GIVEN RECORDS:
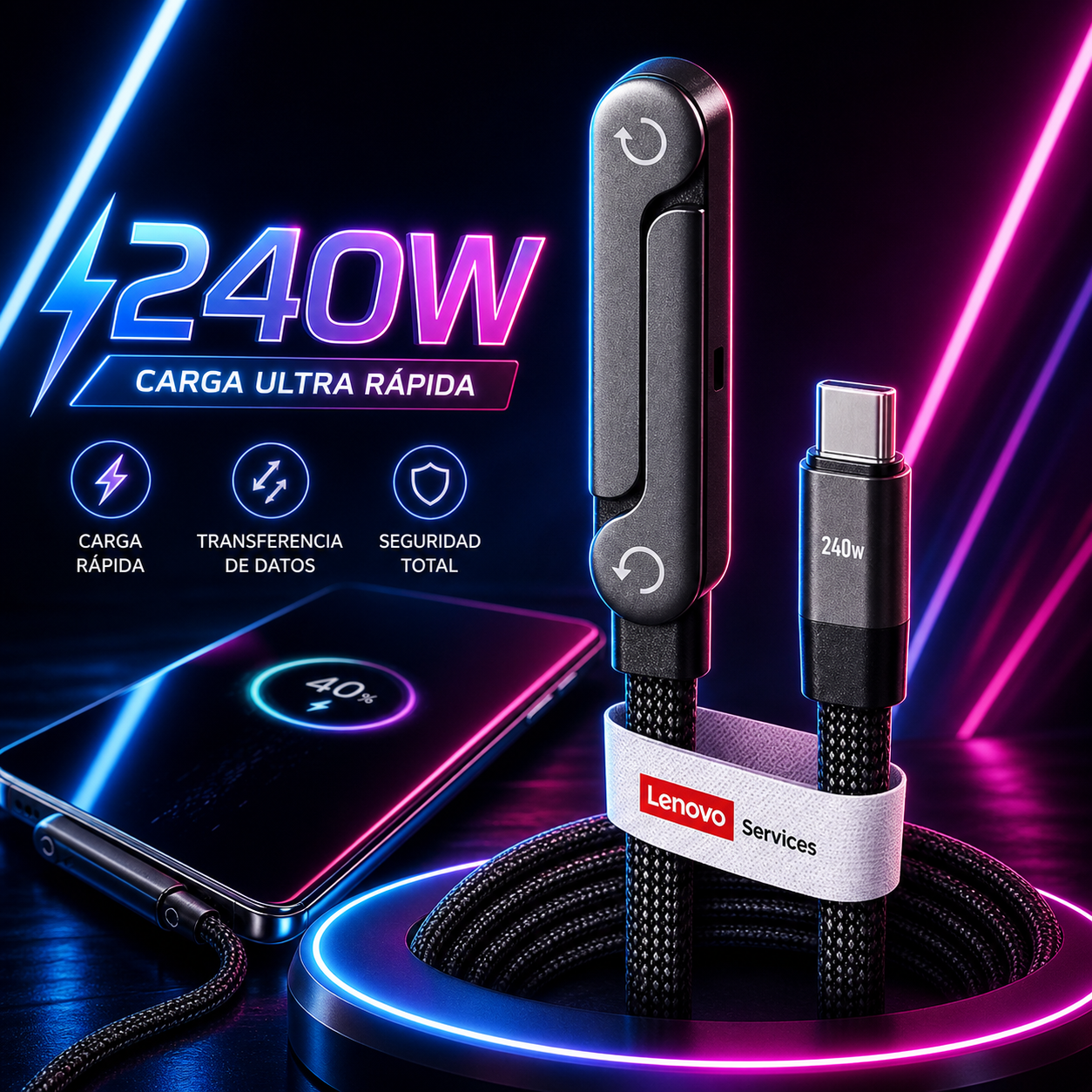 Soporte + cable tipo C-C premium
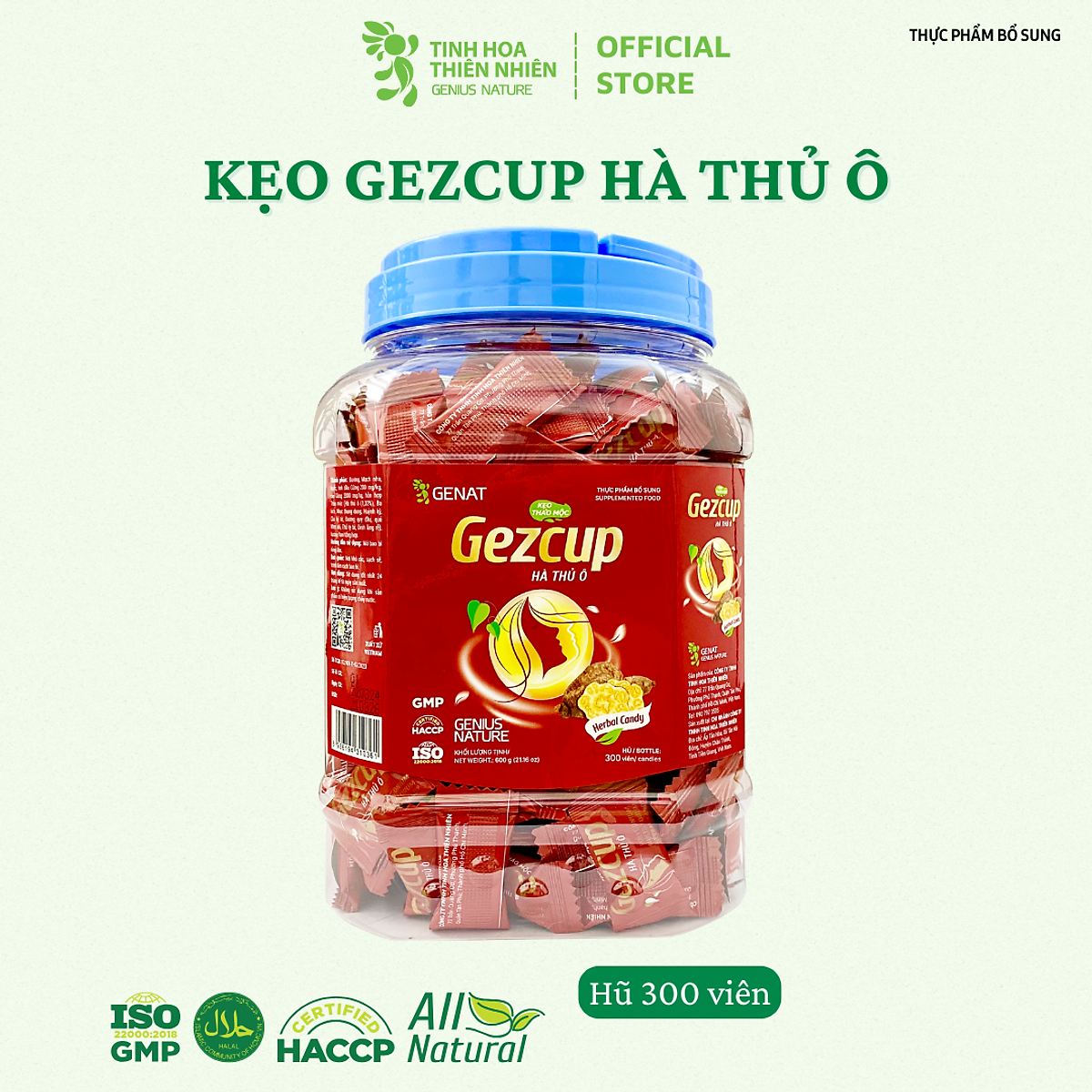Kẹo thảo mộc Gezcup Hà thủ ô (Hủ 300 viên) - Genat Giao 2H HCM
---
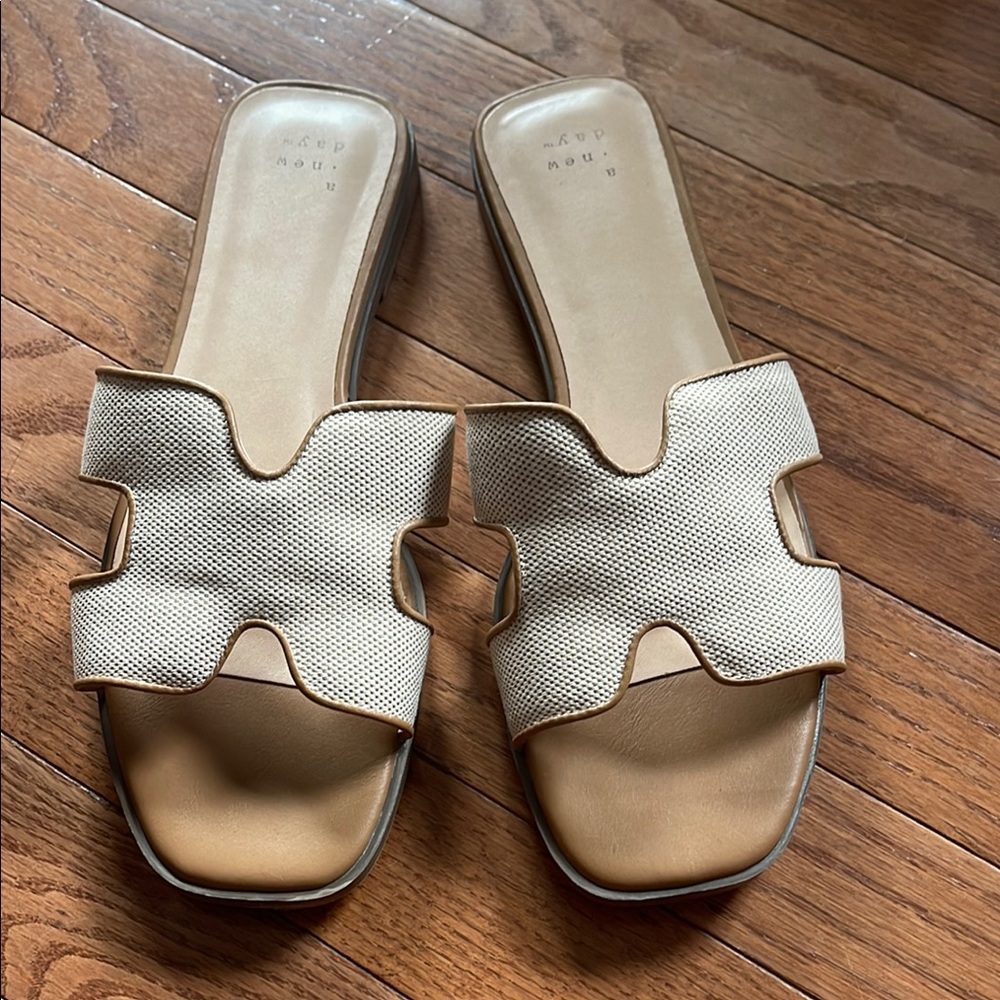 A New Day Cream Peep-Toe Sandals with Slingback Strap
--
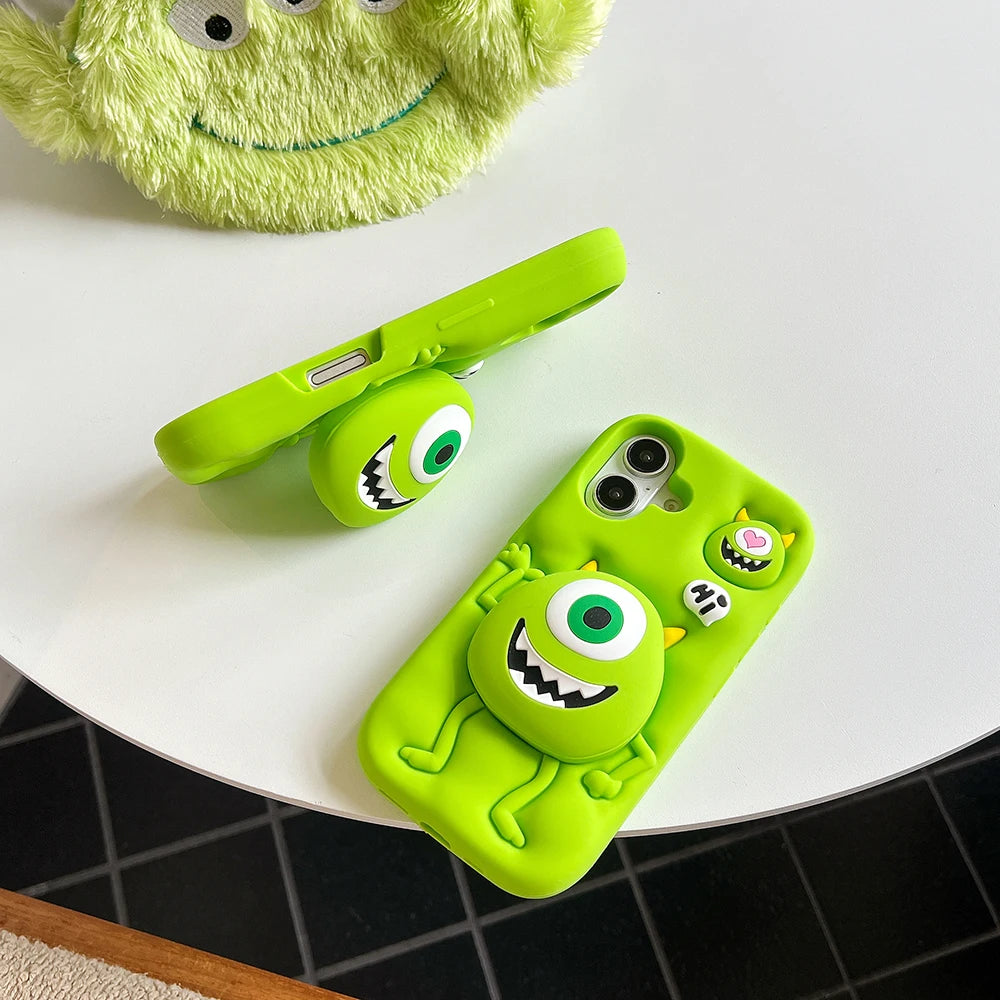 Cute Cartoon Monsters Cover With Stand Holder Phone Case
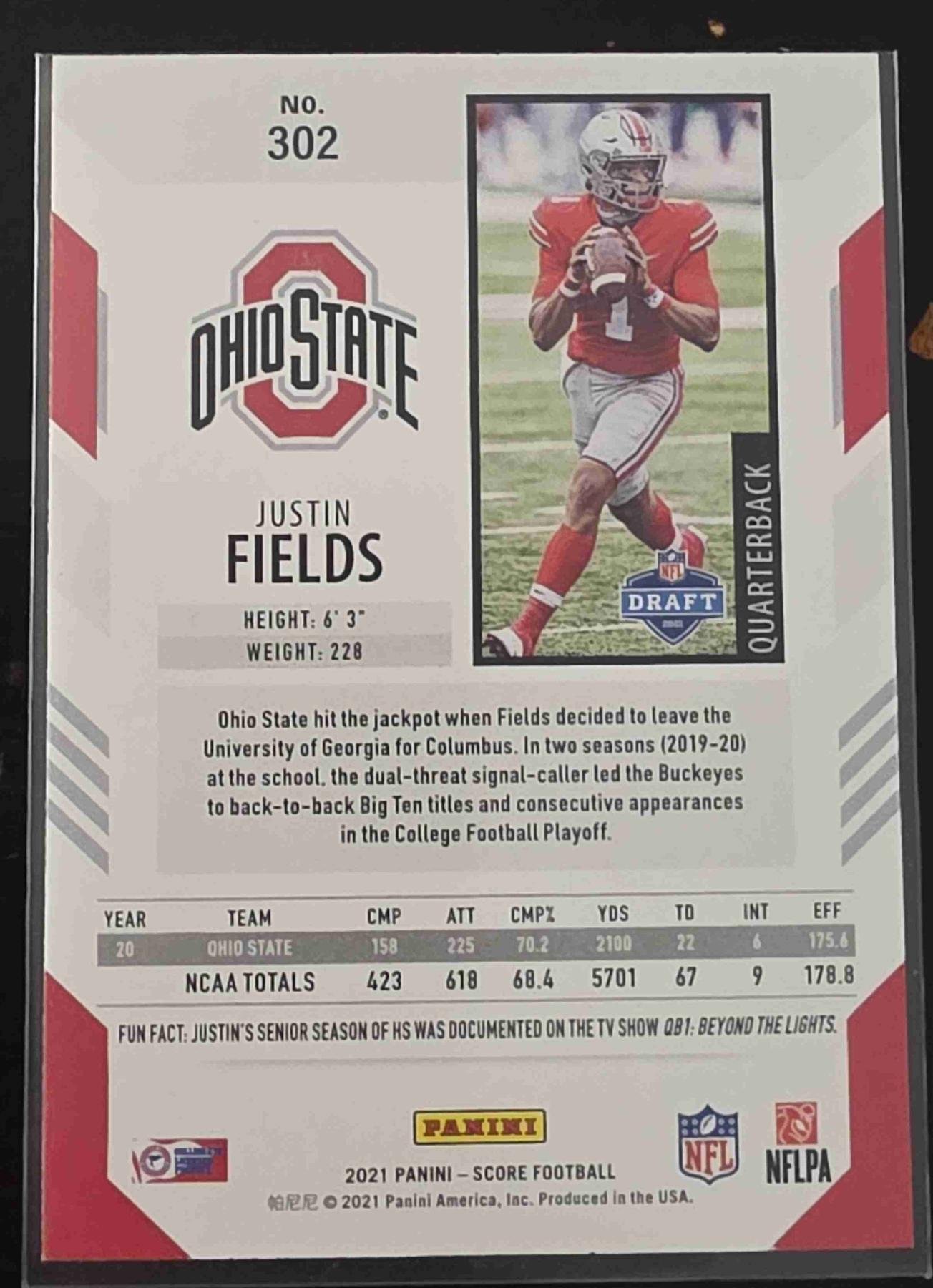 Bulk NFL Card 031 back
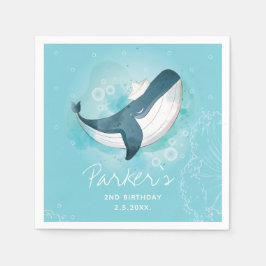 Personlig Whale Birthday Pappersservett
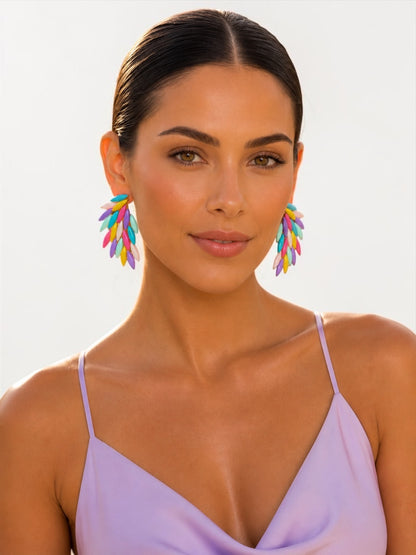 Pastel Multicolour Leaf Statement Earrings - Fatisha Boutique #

INSTRUCTIONS TO FOLLOW:
Of the records above, print only the lines from the one containing "Personlig Whale Birthday Pappersservett" through the one containing "Pastel Multicolour Leaf", inclusive and unaltered, leaving out pictures.

SOLUTION:
 Personlig Whale Birthday Pappersservett
 Pastel Multicolour Leaf Statement Earrings - Fatisha Boutique #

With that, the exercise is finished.